= What the task requires =
Among the entries below, find the line with "(Bodyweight Mega Pack).", then quote it and each following line up to and including the line with "Purple Sequin Round", and nothing else.

Source records
_ _ _ _

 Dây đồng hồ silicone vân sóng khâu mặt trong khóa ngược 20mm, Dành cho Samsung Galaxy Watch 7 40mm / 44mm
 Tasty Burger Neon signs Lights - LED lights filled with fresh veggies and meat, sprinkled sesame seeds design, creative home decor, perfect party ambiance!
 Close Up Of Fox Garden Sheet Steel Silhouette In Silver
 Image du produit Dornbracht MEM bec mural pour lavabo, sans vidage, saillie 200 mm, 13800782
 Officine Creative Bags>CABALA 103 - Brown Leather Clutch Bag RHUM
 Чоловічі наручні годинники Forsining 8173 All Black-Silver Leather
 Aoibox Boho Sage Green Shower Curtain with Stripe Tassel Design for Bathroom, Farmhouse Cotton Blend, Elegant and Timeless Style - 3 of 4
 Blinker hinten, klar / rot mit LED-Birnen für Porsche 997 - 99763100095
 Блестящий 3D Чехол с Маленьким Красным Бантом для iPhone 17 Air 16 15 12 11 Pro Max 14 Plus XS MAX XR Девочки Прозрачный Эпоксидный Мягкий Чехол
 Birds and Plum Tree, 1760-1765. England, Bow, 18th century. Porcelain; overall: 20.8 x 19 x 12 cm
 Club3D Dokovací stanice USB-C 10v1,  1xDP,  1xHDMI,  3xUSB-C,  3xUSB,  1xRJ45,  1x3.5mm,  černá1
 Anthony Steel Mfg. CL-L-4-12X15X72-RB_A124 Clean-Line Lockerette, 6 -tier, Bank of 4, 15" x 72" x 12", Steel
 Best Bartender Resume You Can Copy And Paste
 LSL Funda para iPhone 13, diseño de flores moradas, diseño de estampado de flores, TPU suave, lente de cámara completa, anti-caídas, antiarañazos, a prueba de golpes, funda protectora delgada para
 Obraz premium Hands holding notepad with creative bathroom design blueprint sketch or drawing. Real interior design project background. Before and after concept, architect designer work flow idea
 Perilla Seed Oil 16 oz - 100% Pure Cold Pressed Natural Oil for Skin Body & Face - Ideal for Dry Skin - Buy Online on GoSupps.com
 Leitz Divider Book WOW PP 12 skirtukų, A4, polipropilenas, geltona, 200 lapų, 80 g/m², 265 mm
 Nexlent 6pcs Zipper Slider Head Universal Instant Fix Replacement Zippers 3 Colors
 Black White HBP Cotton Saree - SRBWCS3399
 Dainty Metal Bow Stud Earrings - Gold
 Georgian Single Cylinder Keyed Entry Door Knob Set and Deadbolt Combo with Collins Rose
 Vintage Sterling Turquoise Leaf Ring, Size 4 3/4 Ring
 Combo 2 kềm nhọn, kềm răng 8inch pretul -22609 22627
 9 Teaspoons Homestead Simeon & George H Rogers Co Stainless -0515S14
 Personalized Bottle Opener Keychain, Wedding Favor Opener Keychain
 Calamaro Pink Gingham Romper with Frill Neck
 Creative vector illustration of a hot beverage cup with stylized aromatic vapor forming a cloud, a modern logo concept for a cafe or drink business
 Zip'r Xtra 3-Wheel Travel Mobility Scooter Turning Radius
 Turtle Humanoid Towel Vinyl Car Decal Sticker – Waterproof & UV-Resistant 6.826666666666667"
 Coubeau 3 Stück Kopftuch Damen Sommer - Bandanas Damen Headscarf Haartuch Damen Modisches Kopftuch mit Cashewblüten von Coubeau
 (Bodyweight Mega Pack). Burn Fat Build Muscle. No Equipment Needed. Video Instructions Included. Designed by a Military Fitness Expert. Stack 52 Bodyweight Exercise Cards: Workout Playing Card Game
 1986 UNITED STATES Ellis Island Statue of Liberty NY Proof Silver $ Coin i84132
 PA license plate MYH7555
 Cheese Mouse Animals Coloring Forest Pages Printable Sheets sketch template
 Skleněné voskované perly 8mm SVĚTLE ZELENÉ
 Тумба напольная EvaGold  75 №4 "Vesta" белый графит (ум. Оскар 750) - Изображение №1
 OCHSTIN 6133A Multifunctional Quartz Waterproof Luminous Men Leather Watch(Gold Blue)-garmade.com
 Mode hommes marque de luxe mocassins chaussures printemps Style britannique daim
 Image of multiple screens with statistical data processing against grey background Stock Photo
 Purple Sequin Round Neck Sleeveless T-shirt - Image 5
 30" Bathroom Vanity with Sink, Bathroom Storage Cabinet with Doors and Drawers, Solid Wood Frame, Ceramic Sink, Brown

_ _ _ _

= Output =
 (Bodyweight Mega Pack). Burn Fat Build Muscle. No Equipment Needed. Video Instructions Included. Designed by a Military Fitness Expert. Stack 52 Bodyweight Exercise Cards: Workout Playing Card Game
 1986 UNITED STATES Ellis Island Statue of Liberty NY Proof Silver $ Coin i84132
 PA license plate MYH7555
 Cheese Mouse Animals Coloring Forest Pages Printable Sheets sketch template
 Skleněné voskované perly 8mm SVĚTLE ZELENÉ
 Тумба напольная EvaGold  75 №4 "Vesta" белый графит (ум. Оскар 750) - Изображение №1
 OCHSTIN 6133A Multifunctional Quartz Waterproof Luminous Men Leather Watch(Gold Blue)-garmade.com
 Mode hommes marque de luxe mocassins chaussures printemps Style britannique daim
 Image of multiple screens with statistical data processing against grey background Stock Photo
 Purple Sequin Round Neck Sleeveless T-shirt - Image 5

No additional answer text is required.